We have two instruments that measure the distance between two points. The measurements given by the two instruments are random variables \(X_1\) and \(X_2\) that are independent with \(E(X_1) = E(X_2 ) = \mu\), where \(\mu\) is the true distance. From experience with these instruments, we know the values of the variances \(\sigma_1^2\) and \(\sigma_2^2\). These variances are not necessarily the same. From two measurements, we estimate \(\mu\) by the weighted average \(\bar{\mu} = wX_1 +(1−w)X_2\). Here \(w\) is chosen in \([0,1]\) to minimize the variance of \(\bar{\mu}\).

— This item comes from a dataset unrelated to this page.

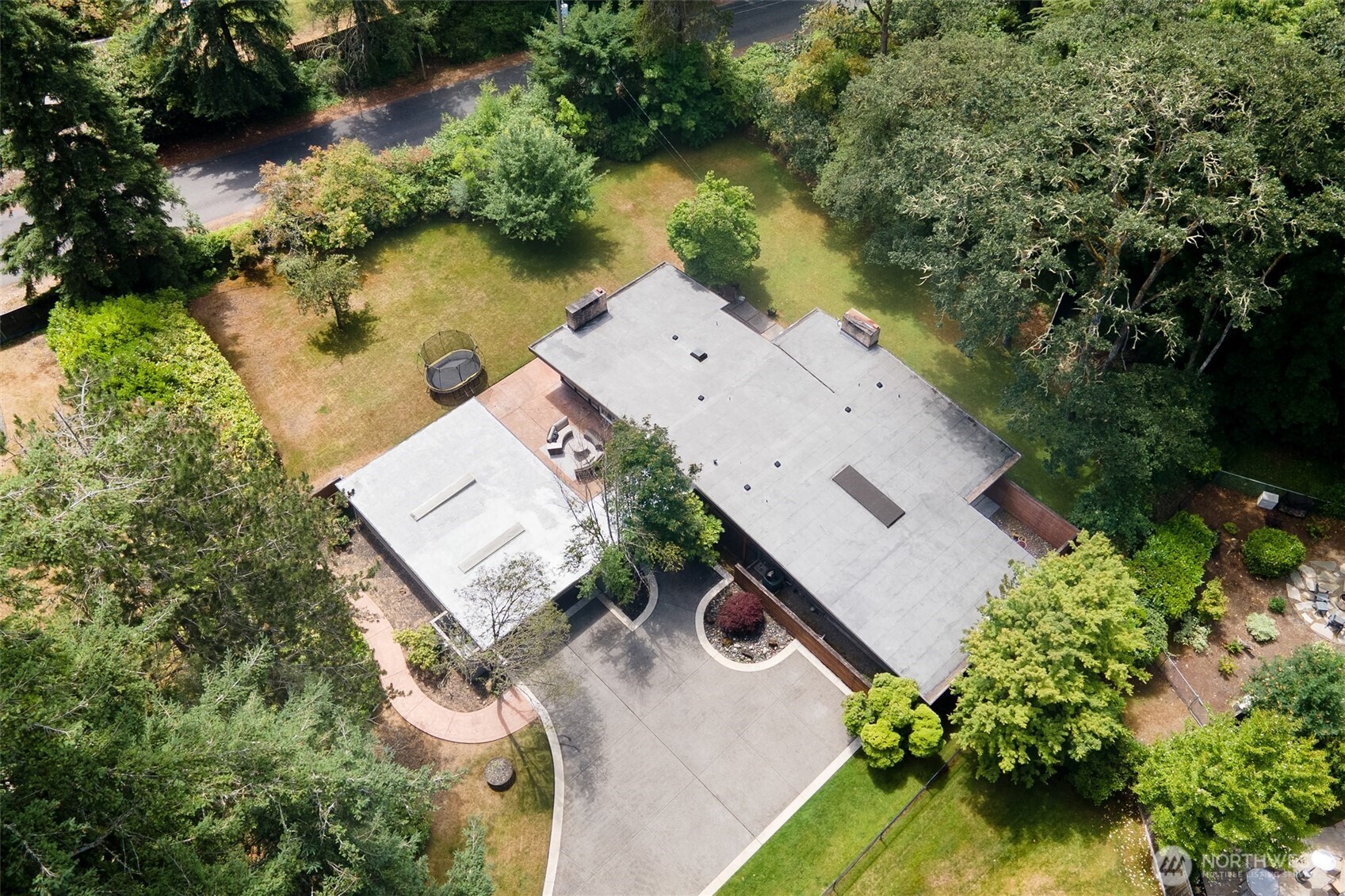 11508 Clovercrest Drive SW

The expectation of \(\bar{\mu}\) is \(\mu\). As both \(E(X_1)\) and \(E(X_2)\) equal \(\mu\), any linear combination of them where the components are \(w\) and \(1-w\) must also equal \(\mu\). \[ \forall_w: w\mu + (1 - w)\mu = w\mu + \mu - w\mu = \mu \]

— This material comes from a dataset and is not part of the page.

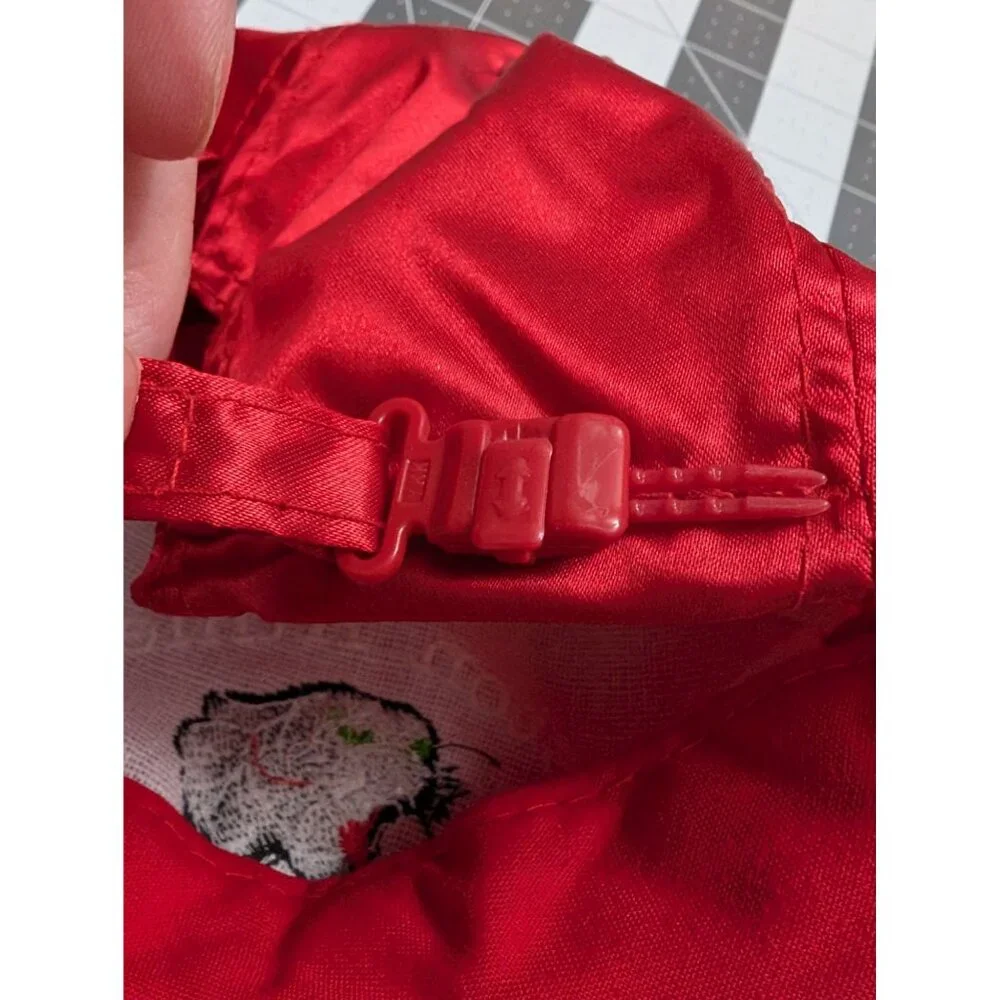 nissin this hat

To minimize the variance of a function, one usually finds the point at which the function’s first derivative equals 0. Here, the question is to minimize \(\textrm{Var}(\bar{\mu})\): \[ \begin{aligned} f(w) &= \textrm{Var}(\bar{\mu}) = \textrm{Var}\left(wX_1 + (1-w)X_2\right)\\ &= w^2 \textrm{Var}(X_1) + (1-w)^2\textrm{Var}(X_2)\\ &= w^2\sigma_1^2 + \left(1 - 2w + w^2\right)\sigma_2^2\\ &= w^2\sigma_1^2 + \sigma_2^2 - 2w\sigma_2^2 + w^2\sigma_2^2\\ \frac{df}{dw} &= 2w\sigma_1^2 - 2\sigma_2^2 + 2w\sigma_2^2\Rightarrow0\\ 0 &= w\sigma_1^2 - \sigma_2^2 + w\sigma_2^2\\ w &= \mathbf{\frac{\sigma_2^2}{\sigma_1^2+\sigma_2^2}} \end{aligned} \]
The weight given to each variable is in proportion to its contribution to the variance. Precisely, the weight given to \(X_1\) is the proprtion of \(X_2\)’s variance of the total, and vice versa.